What has remained constant throughout this meandering journey has been an insatiable appetite for change, growth, and pushing myself outside my comfort zone.
All of the above have been available in ample doses lately.
At times, I get so deeply involved with the process that I’m going through that I have a tough time slowing down long enough to share it here on my blog. This post was started 2 weeks ago, but I didn’t get more than a few sentences before something pulled me away. Evidently I wasn’t ready to share yet, and in some ways it feels like I’m still not.
Interestingly, I don’t really miss my loft. Living there for 9+ years was amazing, and I thought it would be much harder to leave it. The transition happened quite gracefully, although I learned a lot about what it takes to prepare a fully furnished home for others to move into. That process alone consumed a solid week of my time and parts of several weeks leading up to the final push.
I must admit here that I haven’t developed much of a routine in my new place. I haven’t meditated in 2 months or more, the exercise program has been spotty at best, and clearly, writing hasn’t been a focus. In fact, most social media activity has dwindled for me.
Perhaps I was expecting too much, too quickly. As if I was going to bounce right into a new reality after an exhausting lead-up sprint and hit the ground running with the vigor of a young kid. I suppose I just needed some time to process it all privately.
The best thing about this process is that I feel like I can breathe again. The work that I feel compelled to do is getting more attention and is coming into sharper focus.
I get up every day and look out over Piedmont Park with a cup of freshly pressed coffee in my mug, listening to the sounds of the city humming in the background.
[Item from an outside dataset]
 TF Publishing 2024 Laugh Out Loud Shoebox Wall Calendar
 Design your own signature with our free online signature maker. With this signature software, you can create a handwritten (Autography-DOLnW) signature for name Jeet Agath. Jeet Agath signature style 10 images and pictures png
Construction on the Beltline (a walking/biking/transit project) continues right beneath my window and reminds me how much I enjoy riding my bike throughout the city, and also how progress continues its steady march forward, with or without my participation.
I promised to share this process as it unfolds and although it took me a few weeks to get to the point where it felt natural to share, here we are.
Today is a new beginning. I’m celebrating it with a smile and renewed spring in my step. What about you?